Photos by Noah Beadle

Groups of “kid engineers” came together over the weekend to try to understand how to make Queens safer, one street at a time.

The advocacy organization, Make Queens Safer, hosted a Safer, Greener Streets Fair and Bike Bonanza on Saturday at Travers Park in Jackson Heights to raise awareness and allow visitors to learn more about street safety while also getting the chance to participate in activities.

One of the interactive events, called the Kid Engineers Traffic Study, allowed students from I.S. 230, P.S. 69, P.S. 212, P.S. 280, the Academy for Careers in Television and Film, the Baccalaureate School for Global Education, McClancy High School and Voice Charter School to assist in documenting traffic conditions down 34th Avenue between 74th and 80th streets.

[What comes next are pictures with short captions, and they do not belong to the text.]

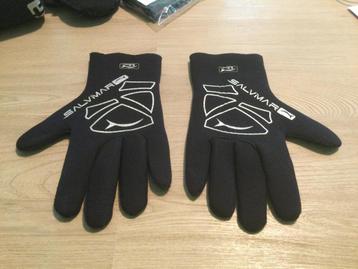 Salvimar 5mm Gloves size L aan 20€ - Ecocheques 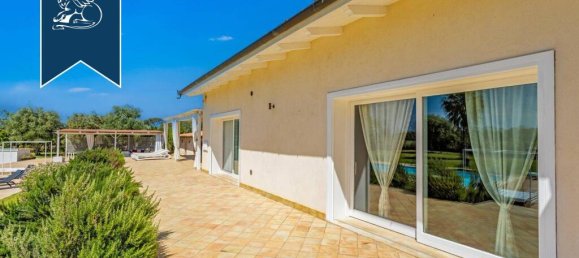 7 bedrooms Villa in Syracuse, Italy No. 381108 16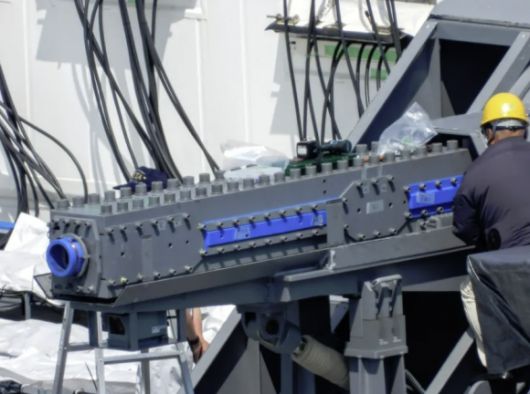 일본 해상자위대가 전자기 레일건(electromagnetic railgun)을 장착한 JS 아스카함의 모습을 최초로 공개했다. ‘모리준’(モリジュン) 엑스 캡처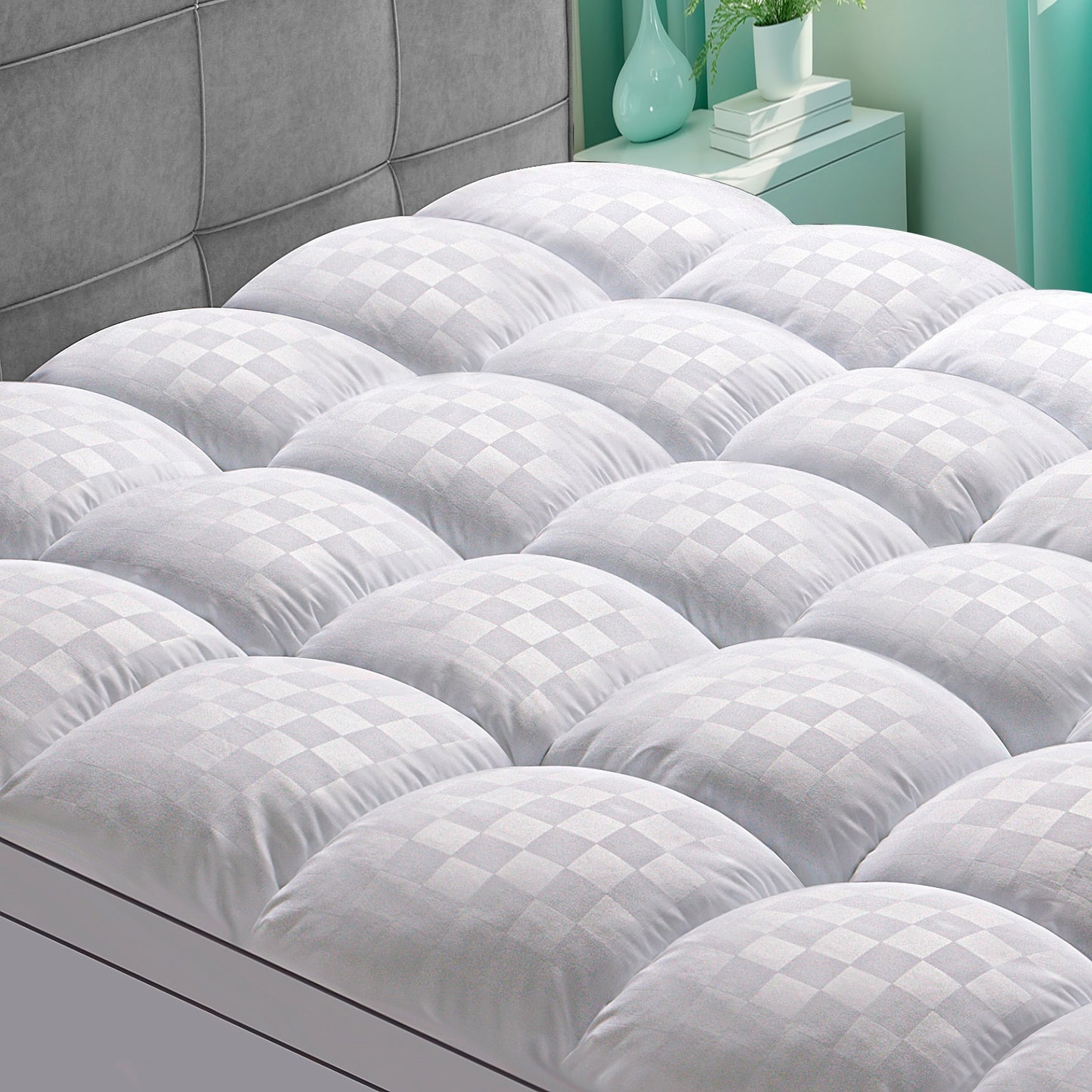 1500GSM Ultra - Thick Microfiber Checkered Mattress Topper & Protector - Deep Pockets, 21.7D Tight Fit, Soft Down - Alternative Fill, Machine Washable, Single Mattress Cover, Futon Mattress Cover, Super King Mattress Protecto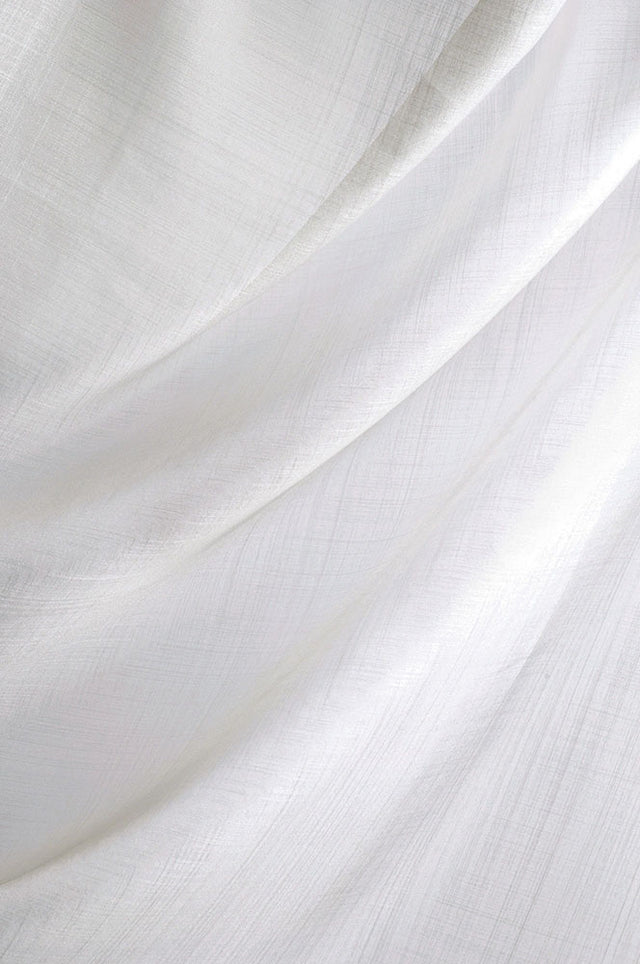 Silkeblød semi-transparent gardinvoile — hvid, stofprøve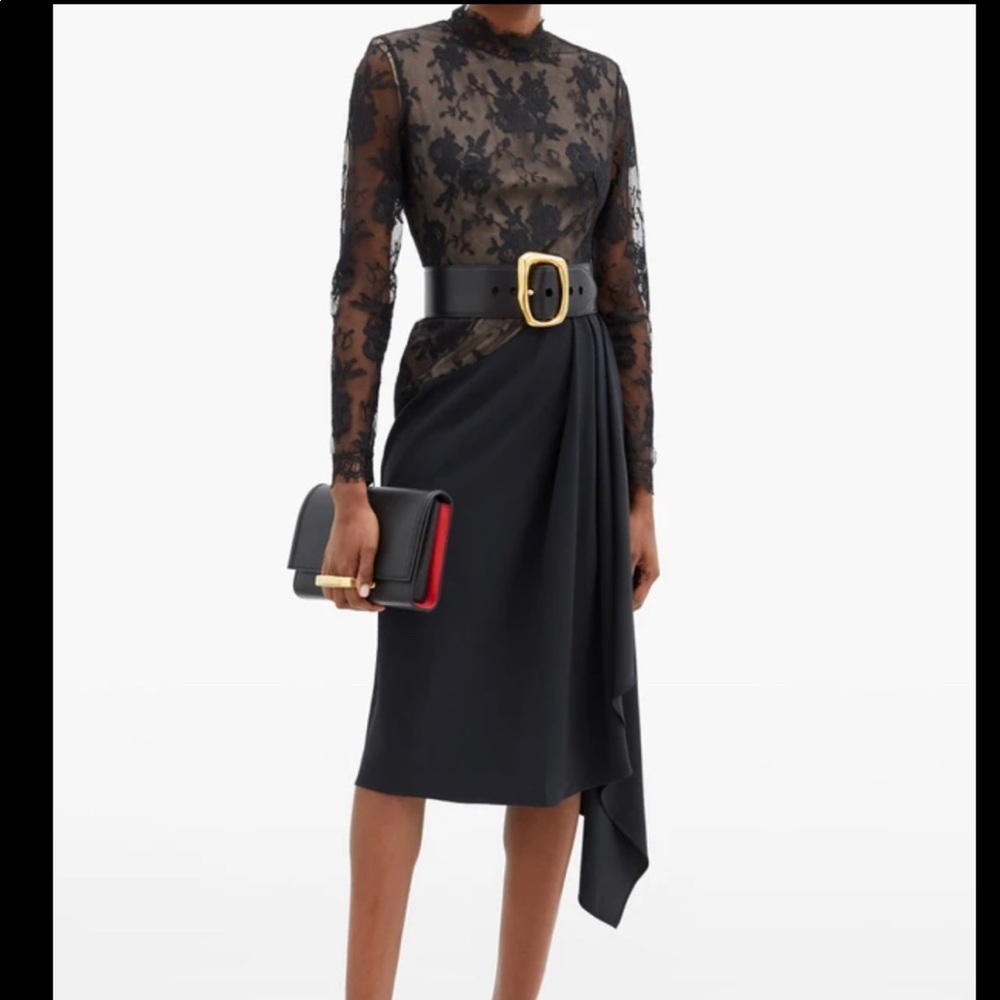 ALEXANDER MCQUEEN
Draped crepe and lace dress 38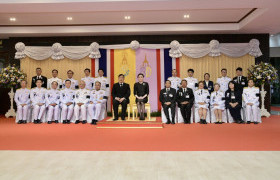 รูปภาพ :  พระบาทสมเด็จพระเจ้าอยู่หัว และสมเด็จพระนางเจ้าฯ พระบรมราชินี เสด็จพระราชดำเนินไปทรงเปิดอาคารเรียนรู้เฉลิมพระเกียรติ 72 พรรษา และทรงเปิดงาน “โครงการหลวง 2568” ที่จังหวัดเชียงใหม่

The study was chosen for that particular stretch in Jackson Heights, which has a speed limit of 30 mph, because it is parallel to Northern Boulevard, is a major bike route and is near three schools and several parks, according to organizers.

“Providing the tools and knowledge on how to safely navigate the streets of our neighborhoods can help reduce accidents and improve the quality of life for all members of our community,” said Councilman Daniel Dromm, who joined the students as they conducted the study.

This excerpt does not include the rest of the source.